Rehabilitation of hemispatial neglect in stroke

Muhammad Tawab Khalil  ( Armed Forces Institute of Rehabilitation Medicine, Rawalpindi, Pakistan. )
Umer Younas  ( Armed Forces Institute of Rehabilitation Medicine, Rawalpindi, Pakistan. )
Imran Irshad  ( Armed Forces Institute of Rehabilitation Medicine, Rawalpindi, Pakistan. )
Farooq Azam Rathore  ( Armed Forces Institute of Rehabilitation Medicine, Rawalpindi, Pakistan. )


Hemi-spatial neglect (HSN) is a debilitating post stroke cognitive deficit resulting in reduced attention to stimuli presented in the contra-lateral hemi-visual field.  It adversely impacts patient's medical recovery, activities of daily living and quality of life. Early referral to Rehabilitation Medicine specialist for thorough evaluation, prompt recognition of functional impairments and formulation of a comprehensive rehabilitation plan unique to patient is important. It is part of the comprehensive and holistic management of stroke patients with HSN. We summarize the current management strategies used for post-stroke HSN rehabilitation with the options including non-invasive brain stimulation, visuomotor feedback training, robotic rehabilitation and trans-dermal nicotine patch.


Keywords: Hemispatial neglect, Stroke, Rehabilitation, Non-invasive brain stimulation, Robotic rehabilitation.

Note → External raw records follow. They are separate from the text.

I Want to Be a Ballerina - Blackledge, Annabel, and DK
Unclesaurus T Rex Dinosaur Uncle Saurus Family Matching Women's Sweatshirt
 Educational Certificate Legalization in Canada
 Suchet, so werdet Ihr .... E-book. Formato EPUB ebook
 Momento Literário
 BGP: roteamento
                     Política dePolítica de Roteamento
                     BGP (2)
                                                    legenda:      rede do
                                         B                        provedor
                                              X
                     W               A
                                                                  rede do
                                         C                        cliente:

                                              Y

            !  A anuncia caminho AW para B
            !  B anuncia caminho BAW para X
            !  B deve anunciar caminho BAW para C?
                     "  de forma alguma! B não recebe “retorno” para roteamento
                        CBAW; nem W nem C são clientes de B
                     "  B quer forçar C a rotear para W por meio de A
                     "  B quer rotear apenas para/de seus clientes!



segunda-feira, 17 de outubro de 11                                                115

Hemi-spatial neglect (HSN) is a disabling condition which results in reduced attention to the contra-lateral personal, peri or extra personal space.1 Patients with HSN face difficulty in detecting, orienting and responding to stimuli presented to contra-lateral side of hemispheric lesion. For example a patient with left HSN will bump into objects on his left side and may forget to put his left leg on foot rest of wheel chair.2

HSN can occur due to lesion of any hemisphere of brain but it is more common and severe after right hemispheric lesion.2 Lesion in inferior temporal lobe and temporo-parietal junction usually result in HSN. However lesions in inferior frontal lobe and superior temporal gyrus are also associated with certain manifestation of HSN.3 Kinsbourne proposed the theory of classical rivalry to explain the cortical mechanisms behind HSN according to which the right hemisphere brings attention to both hemi-visual fields while left hemisphere only brings attention to right visual hemi-field.3 So in case of a lesion in right hemisphere, the left hemisphere can only compensate for the right visual hemi-field and the patient will have reduced attention in the left visual hemi-field resulting in HSN.3

In a study conducted in Japan, the overall incidence of HSN was 43.5% (48.4% with right hemispheric lesion, 31.7% with left hemispheric lesion).2 In a study conducted in Finland, HSN occurred in 79.9% of rehabilitants with right and 68.3% of those with left stroke at admission to a rehabilitation center.1 There is no data on the prevalence of HSN in Pakistan. HSN is an independent predictor of rehabilitation outcomes irrespective of the side of neglect and it is associated with poor functional outcomes after rehabilitation.2

It is important that a stroke patient should be referred to Physical Medicine and Rehabilitation specialist (PMR Specialist) early for comprehensive functional evaluation and formulation of a custom-made rehabilitation plan, which will address the functional impairments unique to each patient. HSN can be clinically evaluated by several clinical tests including line bisection test, letter cancellation test, Behaviour Inattention test, Catherene Bergago Scale, Mini-mental state examination, etc.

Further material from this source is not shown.